Wednesday, July 6, 2011

Kromlek - Finis Terrae (2011)

Much like in baseball, metal has its contact hitters and its power hitters. The contact hitters put out their albums, hoping to carve out a niche in their genre of choice. The power hitters try to shake the earth itself, tearing down their subgenre in an effort to redefine and rebuild it. Kromlek, an impressive new outfit from Germany, are the latter. This is not a bunt. This is not a single to left field. On "Finis Terrae," they have have blasted a ball so far it may never be found.

Beginning with the rather ambitious prelude, "Iron Age," the band showcase their desire to break free from the pagan mold. A triumphant mix of horns, strings, thumping drums and wailing guitar chords, the track is the epic introduction to the tale.
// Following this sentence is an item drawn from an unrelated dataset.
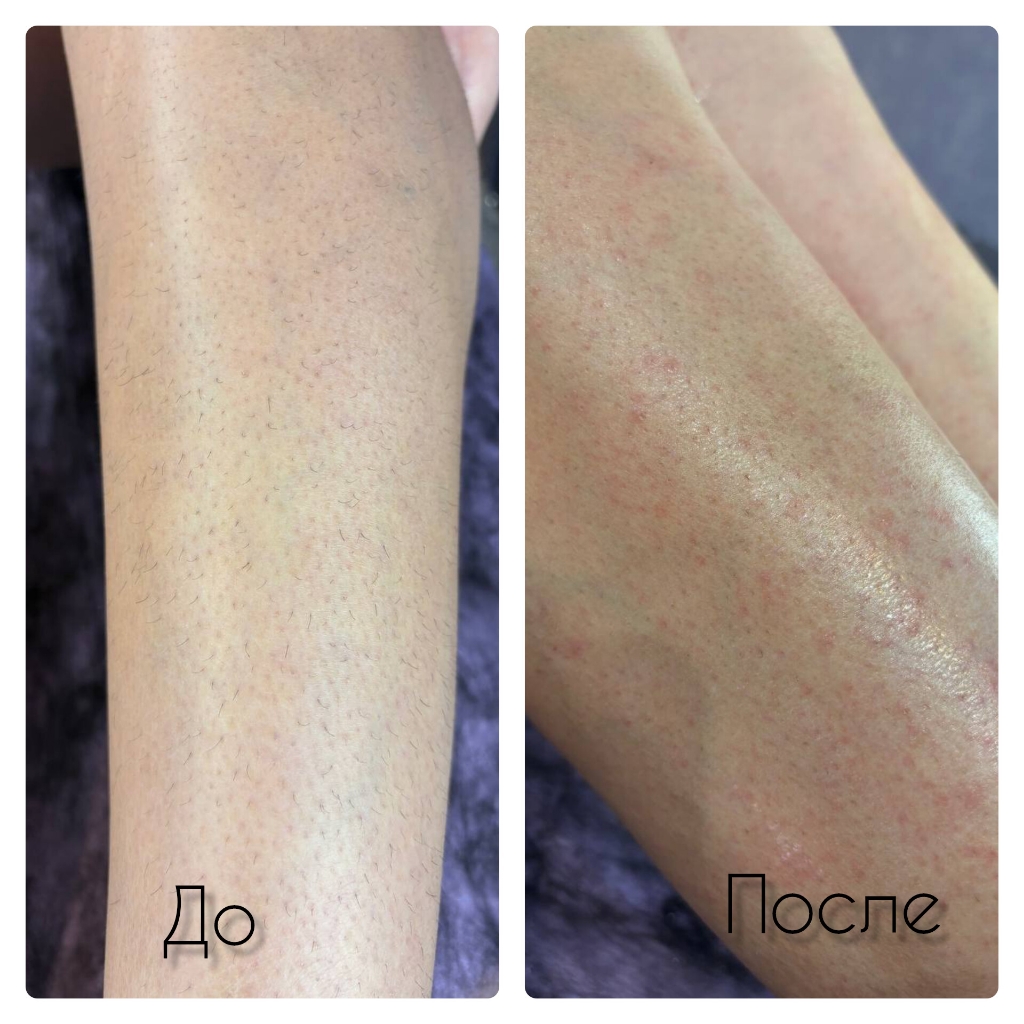 Голень/бедро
But the majesty is shredded by the initial guttural growls of "Nekropolisae Fall." rarely do you see keyboards featured so brightly in music this abrasive and heavy, but they shine through the distortion and screeching black metal vocals. The spacey keys dart in and out of the thunderous drum beats, which have the mechanized precision of classic industrial metal. A guitar solo takes the stage, setting the neck of the guitar on fire, before breaking off into Middle Eastern sitar styled playing.
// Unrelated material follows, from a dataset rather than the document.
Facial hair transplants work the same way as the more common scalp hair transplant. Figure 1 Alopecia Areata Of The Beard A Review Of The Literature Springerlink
The blackest of the black comes through in "Angrliodh." Drums are lightning fast, and the guitars are equal to the task. The tempo slows a hair, allowing fluttering synthesized keys to break free. Screeches turn to growls, but neither one compares to the feeling of crawling skin provided by the spoken word passages. Purely terrifying. Leaning more to the uptempo death/folk side, "The Cocoon" is a lesson in contrast, with music that seems upbeat and lively, while the vocals remain steadfast and ominous. Brilliantly placed guitar and keyboard solos set the staged for a booming outro section, complete with double kicks and ear piercing vocal screams.

The band fire through "Mantikor," inducing a severe case of whiplash, without losing the integrity of each instrument along the way. Drums, guitars and keys share equal roles, forming something greater than the parts. "Manjushri Aus Mir" is a weaving, winding ride through the sublime. From effects laden guitar work in the opening, to the damn near abusive vocal patterns, it may brings chills to your body. The pitch perfect work of the rhythm section is to be applauded, keeping guitars and drums in check. Mark and Joris of Heidevolk lend some German vocals to "Moritvrvs Immortalis," a track that combines the dynamics of Thrash with the localized nature of folk. Complete with strings, this one is a neckbreaker.
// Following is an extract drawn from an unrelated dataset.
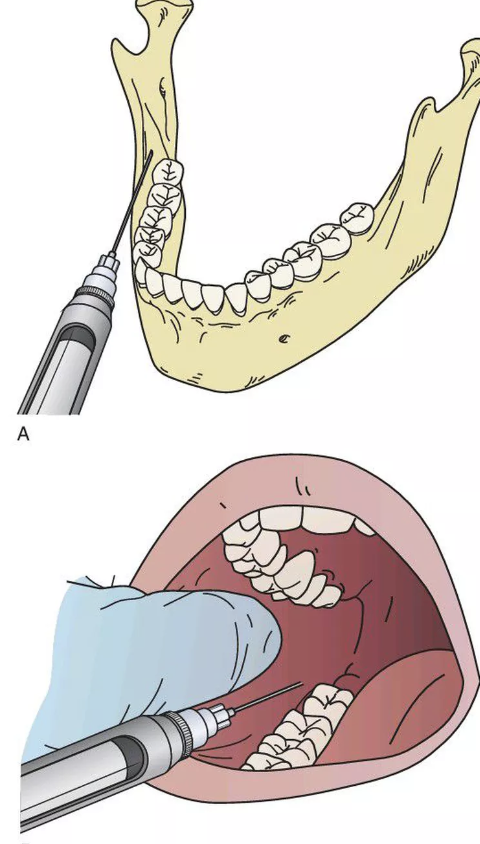 IAN block needle angle illustration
The alternating shred and stomp of "Ad Rvbiconem" is a refreshing change to the flow, with the mystical keyboards on "Bastion" will leave you momentarily puzzled. But once guitars enter, and the drums pound away, you will remember where you are, and what you have in store. The abrasive screeching vocals steal the show this time, soaring over the top of the distorted chord work. But again, a well placed guitar solo breathes fire into the genre. "Creations Crowning Glory" starts as most power metal tracks do, before the evil, soul depleting vocals enter. The combination is a winner, heaven and hell, slammed together.

Equilibrium mainman Rene Berthiaume lends his vocal talents to "Metropolitan Roots," a track as diverse as the band itself. Clean vocals mingle with deliberate drum fills, descending into a full on assault of kicks, snares, cymbals and guitar notes. The glue remains the keys, keeping the mood light, even in the darker, heavier moments. A child's voice speak over delicate piano keys and guitar solos, in a way that may leave "Egophaneia" lingering in your mind for days. Uplifting, yet somehow sad, it will cut to the heart of you. The epic title track finishes your journey, hand on your throat. It forces you to gasp for each breath as speed increases to the breaking point, double kicks pounding your skull. This is an end, but not to the album. This track could bring about the end of the world.

We often speak of bands that defy conventional tags, that somehow manage to reinvent the genre that they have been dubbed. Dimmu Borgir, a perfect example, took black metal to places it needed to go. Kromlek have the potential and the talent to accomplish a similar feat. With "Finis Terrae," they have begun to change the conceptions of what pagan metal is and can be. I won't dare try to annex enough adjectives to describe what they do, but rest assured, it deserves some attention.